DATA FOR PROCESSING =
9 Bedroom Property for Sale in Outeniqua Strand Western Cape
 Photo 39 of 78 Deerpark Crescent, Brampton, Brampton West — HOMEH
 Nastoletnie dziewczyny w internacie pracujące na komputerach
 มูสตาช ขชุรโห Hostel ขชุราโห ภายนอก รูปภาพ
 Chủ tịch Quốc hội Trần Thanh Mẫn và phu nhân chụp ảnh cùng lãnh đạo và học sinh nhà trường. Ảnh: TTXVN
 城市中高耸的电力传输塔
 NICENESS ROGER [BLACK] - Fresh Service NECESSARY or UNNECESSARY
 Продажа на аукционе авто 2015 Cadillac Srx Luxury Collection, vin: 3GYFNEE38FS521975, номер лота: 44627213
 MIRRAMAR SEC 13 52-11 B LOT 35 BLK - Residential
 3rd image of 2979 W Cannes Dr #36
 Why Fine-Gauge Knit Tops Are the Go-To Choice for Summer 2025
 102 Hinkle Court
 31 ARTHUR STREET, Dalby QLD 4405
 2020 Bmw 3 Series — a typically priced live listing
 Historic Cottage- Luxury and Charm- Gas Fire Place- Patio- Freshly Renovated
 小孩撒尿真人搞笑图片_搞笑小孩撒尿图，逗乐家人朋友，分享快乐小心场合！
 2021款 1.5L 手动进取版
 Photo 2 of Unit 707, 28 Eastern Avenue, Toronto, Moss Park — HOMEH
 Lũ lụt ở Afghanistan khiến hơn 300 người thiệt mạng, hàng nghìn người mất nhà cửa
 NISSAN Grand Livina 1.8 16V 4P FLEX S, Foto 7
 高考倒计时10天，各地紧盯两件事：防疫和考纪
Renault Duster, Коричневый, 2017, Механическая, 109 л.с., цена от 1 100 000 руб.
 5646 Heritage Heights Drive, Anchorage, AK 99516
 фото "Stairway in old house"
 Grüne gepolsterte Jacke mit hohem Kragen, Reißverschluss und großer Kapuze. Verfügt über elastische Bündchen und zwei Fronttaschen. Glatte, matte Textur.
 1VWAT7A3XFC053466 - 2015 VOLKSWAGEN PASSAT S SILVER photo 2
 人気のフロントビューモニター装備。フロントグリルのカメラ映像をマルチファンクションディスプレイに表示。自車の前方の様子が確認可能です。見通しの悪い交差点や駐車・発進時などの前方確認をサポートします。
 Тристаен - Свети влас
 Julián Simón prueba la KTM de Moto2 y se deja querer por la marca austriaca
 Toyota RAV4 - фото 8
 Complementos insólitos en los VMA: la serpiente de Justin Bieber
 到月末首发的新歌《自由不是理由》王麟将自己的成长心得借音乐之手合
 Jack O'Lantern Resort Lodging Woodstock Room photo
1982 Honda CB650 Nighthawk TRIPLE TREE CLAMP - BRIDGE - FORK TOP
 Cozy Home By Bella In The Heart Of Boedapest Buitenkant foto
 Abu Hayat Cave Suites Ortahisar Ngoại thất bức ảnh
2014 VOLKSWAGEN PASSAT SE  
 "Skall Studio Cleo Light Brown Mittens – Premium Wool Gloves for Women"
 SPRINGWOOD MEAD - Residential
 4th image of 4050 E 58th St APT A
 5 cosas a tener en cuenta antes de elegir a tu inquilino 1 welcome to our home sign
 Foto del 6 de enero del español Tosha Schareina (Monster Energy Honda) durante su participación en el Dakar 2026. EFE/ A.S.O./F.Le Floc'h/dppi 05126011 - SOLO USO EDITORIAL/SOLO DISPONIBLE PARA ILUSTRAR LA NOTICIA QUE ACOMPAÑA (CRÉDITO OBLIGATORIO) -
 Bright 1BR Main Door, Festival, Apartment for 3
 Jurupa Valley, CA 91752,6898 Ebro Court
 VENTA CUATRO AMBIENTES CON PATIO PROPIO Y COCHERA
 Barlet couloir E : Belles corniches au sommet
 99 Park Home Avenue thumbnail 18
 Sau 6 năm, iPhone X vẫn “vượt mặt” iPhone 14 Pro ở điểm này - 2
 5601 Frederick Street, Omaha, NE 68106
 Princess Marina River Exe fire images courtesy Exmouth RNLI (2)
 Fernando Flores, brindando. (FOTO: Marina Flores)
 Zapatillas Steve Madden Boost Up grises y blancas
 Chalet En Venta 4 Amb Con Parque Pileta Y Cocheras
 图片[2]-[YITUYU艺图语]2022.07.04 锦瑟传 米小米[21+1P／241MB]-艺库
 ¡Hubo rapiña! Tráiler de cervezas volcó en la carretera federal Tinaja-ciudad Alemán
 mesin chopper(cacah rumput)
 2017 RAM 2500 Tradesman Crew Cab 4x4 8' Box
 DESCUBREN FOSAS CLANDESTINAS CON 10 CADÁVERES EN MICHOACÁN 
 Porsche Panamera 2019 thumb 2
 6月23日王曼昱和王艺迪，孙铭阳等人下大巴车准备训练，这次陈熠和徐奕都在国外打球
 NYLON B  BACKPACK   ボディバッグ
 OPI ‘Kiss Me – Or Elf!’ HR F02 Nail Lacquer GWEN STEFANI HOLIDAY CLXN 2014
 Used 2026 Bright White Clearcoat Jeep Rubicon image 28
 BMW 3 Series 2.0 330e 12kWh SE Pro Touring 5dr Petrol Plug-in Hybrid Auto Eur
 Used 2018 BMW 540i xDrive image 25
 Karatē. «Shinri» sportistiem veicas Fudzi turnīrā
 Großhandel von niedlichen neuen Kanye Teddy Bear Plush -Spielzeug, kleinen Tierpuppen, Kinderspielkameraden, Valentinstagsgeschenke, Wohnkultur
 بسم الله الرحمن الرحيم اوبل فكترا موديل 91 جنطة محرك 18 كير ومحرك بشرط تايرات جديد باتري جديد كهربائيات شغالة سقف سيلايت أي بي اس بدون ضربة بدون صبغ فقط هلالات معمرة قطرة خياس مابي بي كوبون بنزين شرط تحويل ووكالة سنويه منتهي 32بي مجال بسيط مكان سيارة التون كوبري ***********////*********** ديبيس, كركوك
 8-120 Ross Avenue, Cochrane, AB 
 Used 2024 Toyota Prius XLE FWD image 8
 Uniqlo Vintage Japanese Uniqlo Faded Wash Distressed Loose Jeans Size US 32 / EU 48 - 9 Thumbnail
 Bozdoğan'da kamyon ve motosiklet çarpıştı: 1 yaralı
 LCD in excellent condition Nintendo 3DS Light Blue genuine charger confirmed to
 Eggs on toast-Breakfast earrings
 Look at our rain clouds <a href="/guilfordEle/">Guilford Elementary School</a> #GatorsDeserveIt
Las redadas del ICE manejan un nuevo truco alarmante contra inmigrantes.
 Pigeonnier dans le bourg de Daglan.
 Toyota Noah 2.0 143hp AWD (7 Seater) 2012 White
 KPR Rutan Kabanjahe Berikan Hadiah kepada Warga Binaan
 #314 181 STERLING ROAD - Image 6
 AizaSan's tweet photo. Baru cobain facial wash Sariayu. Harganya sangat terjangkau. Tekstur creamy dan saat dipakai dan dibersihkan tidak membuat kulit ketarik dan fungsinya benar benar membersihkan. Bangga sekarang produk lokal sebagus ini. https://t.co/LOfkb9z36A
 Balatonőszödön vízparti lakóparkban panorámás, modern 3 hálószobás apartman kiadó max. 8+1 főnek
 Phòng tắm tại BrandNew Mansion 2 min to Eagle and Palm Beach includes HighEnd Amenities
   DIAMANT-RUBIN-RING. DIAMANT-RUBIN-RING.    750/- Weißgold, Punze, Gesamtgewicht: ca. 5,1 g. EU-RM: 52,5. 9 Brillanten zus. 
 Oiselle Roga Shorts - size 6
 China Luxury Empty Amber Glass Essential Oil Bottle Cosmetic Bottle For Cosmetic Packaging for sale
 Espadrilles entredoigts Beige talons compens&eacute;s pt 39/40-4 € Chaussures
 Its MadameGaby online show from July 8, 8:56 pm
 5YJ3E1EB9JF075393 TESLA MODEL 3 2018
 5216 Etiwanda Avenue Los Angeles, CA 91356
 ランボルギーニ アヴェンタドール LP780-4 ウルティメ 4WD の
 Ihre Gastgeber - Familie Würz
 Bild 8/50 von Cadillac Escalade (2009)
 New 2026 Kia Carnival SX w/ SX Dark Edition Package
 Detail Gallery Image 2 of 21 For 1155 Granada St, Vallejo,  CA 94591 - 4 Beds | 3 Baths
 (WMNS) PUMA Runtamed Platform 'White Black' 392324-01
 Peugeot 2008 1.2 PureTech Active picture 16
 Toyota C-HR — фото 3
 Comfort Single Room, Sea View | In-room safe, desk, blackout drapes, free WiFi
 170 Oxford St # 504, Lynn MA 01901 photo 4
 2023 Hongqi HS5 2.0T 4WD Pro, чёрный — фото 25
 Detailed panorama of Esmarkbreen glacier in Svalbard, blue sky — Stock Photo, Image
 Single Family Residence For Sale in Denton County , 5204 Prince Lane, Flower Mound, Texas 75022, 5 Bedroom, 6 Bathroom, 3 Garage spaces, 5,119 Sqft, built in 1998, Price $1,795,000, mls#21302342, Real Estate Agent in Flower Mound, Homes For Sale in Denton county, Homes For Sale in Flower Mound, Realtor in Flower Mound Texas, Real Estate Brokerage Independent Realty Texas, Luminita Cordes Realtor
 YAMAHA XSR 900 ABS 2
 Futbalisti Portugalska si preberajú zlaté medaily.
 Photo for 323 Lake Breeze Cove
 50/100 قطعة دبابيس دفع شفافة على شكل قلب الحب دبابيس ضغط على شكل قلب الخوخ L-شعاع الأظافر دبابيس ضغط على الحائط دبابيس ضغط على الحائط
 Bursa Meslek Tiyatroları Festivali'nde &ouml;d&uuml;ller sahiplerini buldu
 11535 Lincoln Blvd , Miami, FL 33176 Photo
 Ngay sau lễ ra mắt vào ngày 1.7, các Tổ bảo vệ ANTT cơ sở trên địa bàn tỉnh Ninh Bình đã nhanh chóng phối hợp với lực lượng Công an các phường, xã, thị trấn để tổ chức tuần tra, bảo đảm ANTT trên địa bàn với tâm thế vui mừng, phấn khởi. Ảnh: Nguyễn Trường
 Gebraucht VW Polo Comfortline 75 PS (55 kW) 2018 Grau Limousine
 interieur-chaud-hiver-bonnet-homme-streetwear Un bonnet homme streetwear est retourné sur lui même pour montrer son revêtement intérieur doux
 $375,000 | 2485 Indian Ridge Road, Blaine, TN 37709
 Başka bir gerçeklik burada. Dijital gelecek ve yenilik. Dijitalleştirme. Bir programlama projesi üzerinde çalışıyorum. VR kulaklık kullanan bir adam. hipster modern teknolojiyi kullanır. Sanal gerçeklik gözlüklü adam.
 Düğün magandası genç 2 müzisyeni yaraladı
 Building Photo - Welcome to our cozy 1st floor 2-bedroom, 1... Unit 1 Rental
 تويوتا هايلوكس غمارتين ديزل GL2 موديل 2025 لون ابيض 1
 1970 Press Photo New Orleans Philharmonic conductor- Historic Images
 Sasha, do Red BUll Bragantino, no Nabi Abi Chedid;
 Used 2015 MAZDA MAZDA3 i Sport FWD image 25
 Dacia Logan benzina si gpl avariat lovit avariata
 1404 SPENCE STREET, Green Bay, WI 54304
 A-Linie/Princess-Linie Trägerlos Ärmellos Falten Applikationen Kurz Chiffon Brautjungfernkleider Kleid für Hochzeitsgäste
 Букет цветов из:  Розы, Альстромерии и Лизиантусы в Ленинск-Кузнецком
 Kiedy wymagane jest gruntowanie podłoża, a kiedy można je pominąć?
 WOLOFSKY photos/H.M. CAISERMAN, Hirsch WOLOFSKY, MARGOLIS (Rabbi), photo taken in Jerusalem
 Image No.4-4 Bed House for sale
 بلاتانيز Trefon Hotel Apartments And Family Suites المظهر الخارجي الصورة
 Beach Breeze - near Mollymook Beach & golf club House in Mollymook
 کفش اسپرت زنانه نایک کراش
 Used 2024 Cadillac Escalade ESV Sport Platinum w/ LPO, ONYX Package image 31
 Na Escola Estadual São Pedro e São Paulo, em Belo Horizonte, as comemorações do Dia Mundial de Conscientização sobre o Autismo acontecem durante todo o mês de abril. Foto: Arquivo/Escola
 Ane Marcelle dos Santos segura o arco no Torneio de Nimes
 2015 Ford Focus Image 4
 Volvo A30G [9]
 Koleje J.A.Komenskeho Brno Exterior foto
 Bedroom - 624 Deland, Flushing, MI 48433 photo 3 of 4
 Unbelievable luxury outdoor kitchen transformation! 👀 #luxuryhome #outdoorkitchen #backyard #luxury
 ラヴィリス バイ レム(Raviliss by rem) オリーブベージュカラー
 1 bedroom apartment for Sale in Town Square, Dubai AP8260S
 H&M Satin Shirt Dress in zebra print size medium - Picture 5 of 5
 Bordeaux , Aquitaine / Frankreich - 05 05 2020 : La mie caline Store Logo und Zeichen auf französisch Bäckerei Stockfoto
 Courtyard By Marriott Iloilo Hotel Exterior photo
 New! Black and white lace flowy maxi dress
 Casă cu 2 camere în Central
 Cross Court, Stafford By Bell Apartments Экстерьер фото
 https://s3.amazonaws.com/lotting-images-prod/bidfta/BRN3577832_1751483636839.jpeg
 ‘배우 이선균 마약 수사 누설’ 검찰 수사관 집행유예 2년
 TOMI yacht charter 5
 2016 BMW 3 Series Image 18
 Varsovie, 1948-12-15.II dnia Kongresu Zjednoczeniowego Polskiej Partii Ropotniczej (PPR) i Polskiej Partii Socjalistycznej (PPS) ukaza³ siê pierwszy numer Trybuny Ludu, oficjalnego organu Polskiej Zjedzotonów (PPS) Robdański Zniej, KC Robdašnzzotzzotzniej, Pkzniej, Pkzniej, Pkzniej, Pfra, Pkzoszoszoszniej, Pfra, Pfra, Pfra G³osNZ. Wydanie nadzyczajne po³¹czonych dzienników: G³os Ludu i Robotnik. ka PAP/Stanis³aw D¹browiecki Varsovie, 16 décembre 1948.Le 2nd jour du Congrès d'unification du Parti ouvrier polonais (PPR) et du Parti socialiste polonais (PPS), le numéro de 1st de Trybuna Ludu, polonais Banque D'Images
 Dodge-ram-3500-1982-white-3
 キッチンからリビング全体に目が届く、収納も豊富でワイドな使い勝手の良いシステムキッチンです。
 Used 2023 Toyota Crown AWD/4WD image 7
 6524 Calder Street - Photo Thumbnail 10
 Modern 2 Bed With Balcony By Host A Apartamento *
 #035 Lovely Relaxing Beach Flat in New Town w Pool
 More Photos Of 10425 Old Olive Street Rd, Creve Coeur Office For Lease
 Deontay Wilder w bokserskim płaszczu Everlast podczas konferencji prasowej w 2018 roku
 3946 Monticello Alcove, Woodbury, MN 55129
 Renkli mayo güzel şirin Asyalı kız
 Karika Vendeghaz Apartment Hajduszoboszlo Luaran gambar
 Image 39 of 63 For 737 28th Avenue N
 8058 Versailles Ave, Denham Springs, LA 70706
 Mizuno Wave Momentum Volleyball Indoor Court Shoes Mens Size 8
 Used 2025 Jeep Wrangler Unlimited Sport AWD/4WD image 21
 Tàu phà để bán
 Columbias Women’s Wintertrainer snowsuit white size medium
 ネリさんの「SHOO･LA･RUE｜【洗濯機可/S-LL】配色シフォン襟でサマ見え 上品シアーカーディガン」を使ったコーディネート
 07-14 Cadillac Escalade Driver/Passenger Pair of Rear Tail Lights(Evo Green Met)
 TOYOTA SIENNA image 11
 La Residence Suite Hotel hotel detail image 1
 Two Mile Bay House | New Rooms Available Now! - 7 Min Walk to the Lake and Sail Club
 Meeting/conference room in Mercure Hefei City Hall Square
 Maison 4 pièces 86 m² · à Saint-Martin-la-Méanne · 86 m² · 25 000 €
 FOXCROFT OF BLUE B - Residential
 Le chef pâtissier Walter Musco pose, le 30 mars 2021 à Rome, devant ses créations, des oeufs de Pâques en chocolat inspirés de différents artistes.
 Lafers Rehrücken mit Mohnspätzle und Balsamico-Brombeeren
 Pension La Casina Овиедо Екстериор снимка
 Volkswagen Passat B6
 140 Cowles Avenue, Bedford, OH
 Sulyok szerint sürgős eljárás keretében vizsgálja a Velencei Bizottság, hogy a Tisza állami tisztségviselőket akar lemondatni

PROBLEM STATEMENT =
In the records above, the line with "Its MadameGaby online" marks the start and the line with "New 2026 Kia" marks the end; copy that stretch exactly, both lines included, and nothing else.

RESPONSE BOX =
 Its MadameGaby online show from July 8, 8:56 pm
 5YJ3E1EB9JF075393 TESLA MODEL 3 2018
 5216 Etiwanda Avenue Los Angeles, CA 91356
 ランボルギーニ アヴェンタドール LP780-4 ウルティメ 4WD の
 Ihre Gastgeber - Familie Würz
 Bild 8/50 von Cadillac Escalade (2009)
 New 2026 Kia Carnival SX w/ SX Dark Edition Package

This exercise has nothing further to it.